## Article Collection and Volume Reduction Pipeline 
1. Find efficient keywords with word embeddings (gensim)
2. Remove duplicitous articles with cosine similarity on TFIDF vectors (scikit-learn)
3. **Remove duplicitous articles with entity extraction and jaccard similarity** (spacy)
4. Classify relevant articles (scikit-learn)

## Summary
Using the article summary, we calculate the jaccard similarity between the set of entities in two articles. In practice, for each pair of articles, if their similarity is above a threshold, we remove one. We also change the threshold depending on the size of the entity set.

In [1]:
import pandas as pd
import numpy as np
import spacy

In [2]:
usecols=['Article_ID', 'Title', 'Summary']
data = pd.read_csv('../data/nyt_ftpg_1996_2006_no_text.csv', engine='python', usecols=usecols)


In [3]:
data.head()

Unnamed: 0,Article_ID,Title,Summary
0,1,Nation's Smaller Jails Struggle To Cope With S...,Jails overwhelmed with hardened criminals
1,2,Dancing (and Kissing) In the New Year,new years activities
2,3,Forbes's Silver Bullet for the Nation's Malaise,Steve Forbes running for President
3,4,"Up at Last, Bridge to Bosnia Is Swaying Gatewa...",U.S. military constructs bridge to help their ...
4,5,2 SIDES IN SENATE DISAGREE ON PLAN TO END FURL...,Democrats and Republicans can't agree on plan ...


In [4]:
nlp = spacy.load('en')

In [5]:
%%time
# entity extraction (with multithreading) in spacy

entities = []
for index, doc in enumerate(nlp.pipe(data['Summary'].tolist(), n_threads=-1)):
    doc_ents = set(ent.text for ent in doc.ents)
    if len(doc_ents) > 0:
        entities.append((index, doc_ents))
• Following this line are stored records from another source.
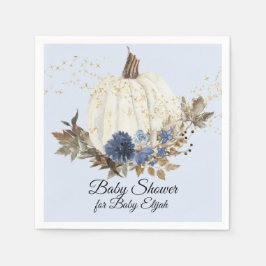 Dusty Blue Floral Gold Fall Pumpkin Baby Dusche Serviette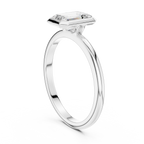 Emerald Cut Bezel Set Diamond Engagement Ring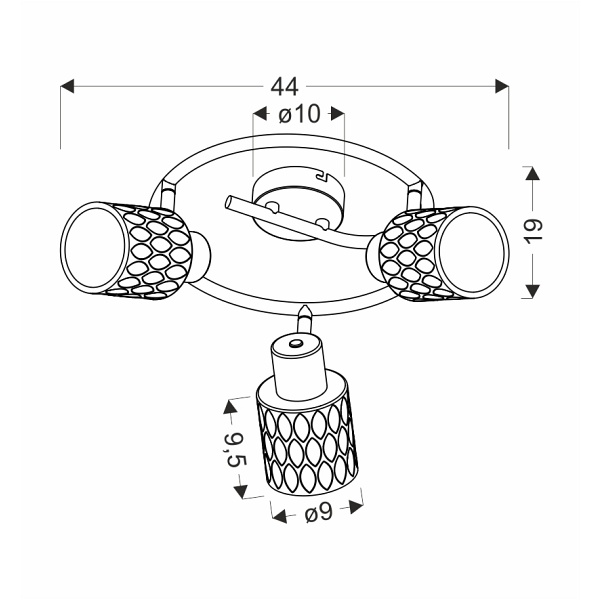 Bill Lampa Sufitowa Spirala Czarny 3X40W E27 Klosz Dymiony Candellux
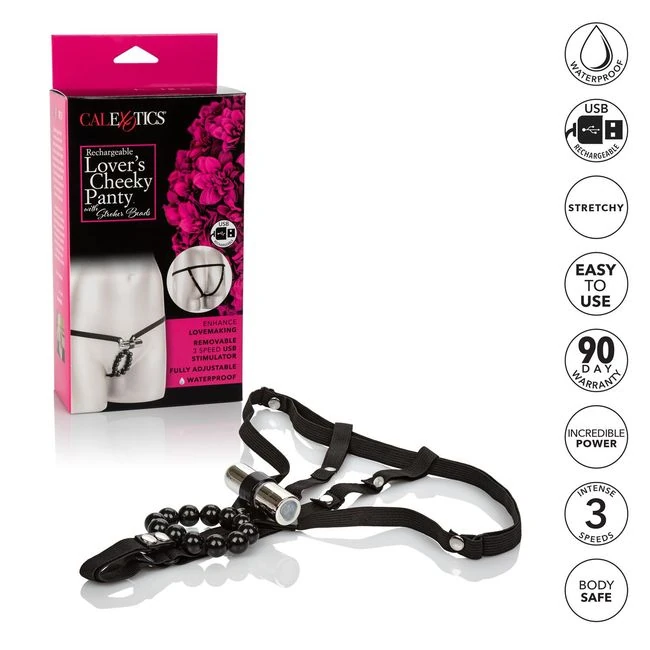 Rechargeable Lover's Cheek Panty W/ Stroker Beads - Additional Details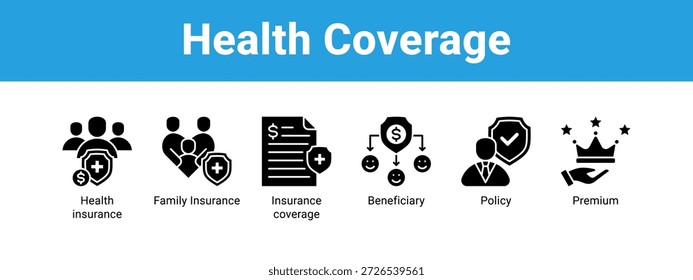 Web Concepto de Ilustración vectorial de ícono de Anuncio de cobertura de salud, con ícono de seguro de salud, seguro familiar, cobertura de seguro, beneficiario.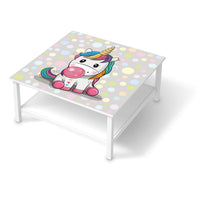Klebefolie für Möbel Rainbow das Einhorn - IKEA Hemnes Couchtisch 90x90 cm - weiss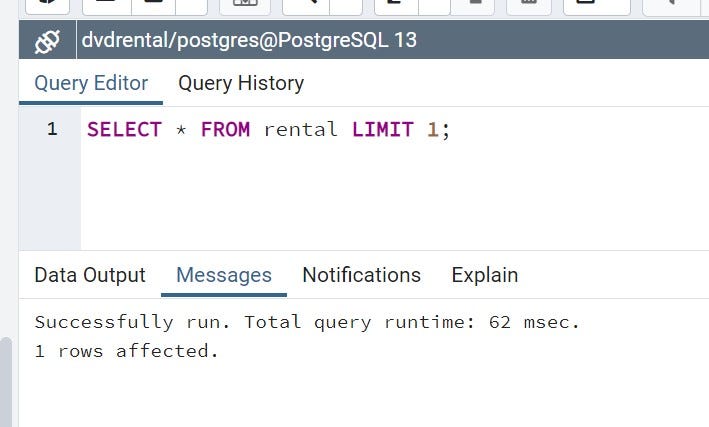 pgAdmin tells us that this query took 62 milliseconds to execute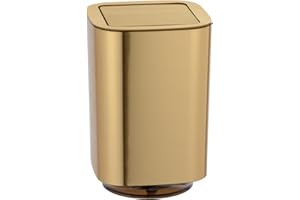 WENKO Petite Poubelle Salle de Bain, Poubelle à Couvercle, 5.5L, Aurion, Doré, Surface Brillante, 17,2 x 25,5 x 17,2 cm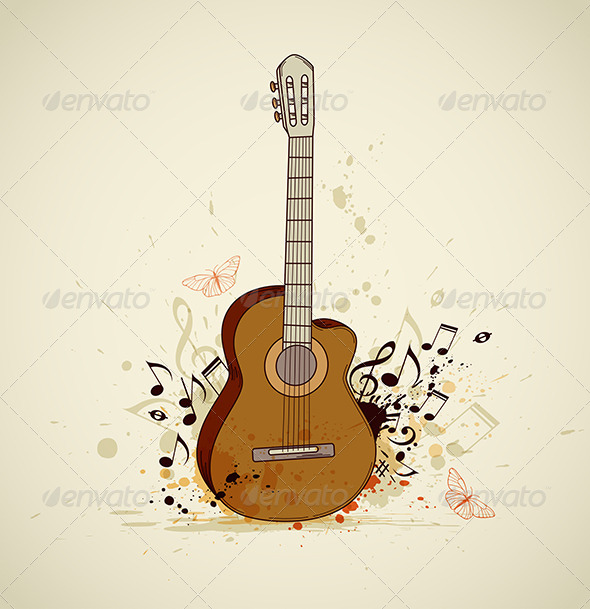 Guitar and Notes - Miscellaneous Vectors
CPU times: user 1min 45s, sys: 9.5 s, total: 1min 54s
Wall time: 1min 33s


In [6]:
len(entities)

19586

In [7]:
entities[:5]

[(1, {'new years'}),
 (2, {'Steve Forbes'}),
 (3, {'Bosnia', 'U.S.'}),
 (4, {'Democrats', 'Republicans'}),
 (5, {'Interstate Commerce Commission'})]

In [8]:
# jaccard takes a long time. we'll run on a limited set
limited_entities = entities[:5000]

## Jaccard Index / Similarity
![jaccard](https://wikimedia.org/api/rest_v1/media/math/render/svg/eaef5aa86949f49e7dc6b9c8c3dd8b233332c9e7)
![jaccardimg](https://upload.wikimedia.org/wikipedia/commons/thumb/1/1f/Intersection_of_sets_A_and_B.svg/400px-Intersection_of_sets_A_and_B.svg.png)

In [None]:
def jaccard(a, b):
    if len(a) == 0 or len(b) == 0:
        return 0
    else:
        c = a.intersection(b)
        return float(len(c)) / (len(a) + len(b) - len(c))

In [None]:
%%time

# there are better ways to do this.

n_statements = len(limited_entities)
jc_similarities = []

for i, (ent_ix, ents) in enumerate(limited_entities):
    entities_subset = limited_entities[i:]
    for j, (ent_c_ix, ents_comparison) in enumerate(entities_subset):
        scs = 1 if j == 0 else jaccard(ents, ents_comparison)
        jc_similarities.append(scs)

jc_empty = np.zeros((n_statements, n_statements))
upper_indices = np.triu_indices(n_statements)
jc_empty[upper_indices] = jc_similarities
jaccard_sim_matrix = np.triu(jc_empty, -1).T + jc_empty


In [None]:
jaccard_sim_matrix[np.diag_indices((n_statements))] = 0

In [None]:
kept_indices = [i[0] for i in limited_entities]
similarities = pd.DataFrame(jaccard_sim_matrix, index=kept_indices, columns=kept_indices)

In [None]:
ix = 3
reference_document_index = limited_entities[ix][0]
print("Ref:", data.loc[reference_document_index, 'Summary'], "\n", sep="\t")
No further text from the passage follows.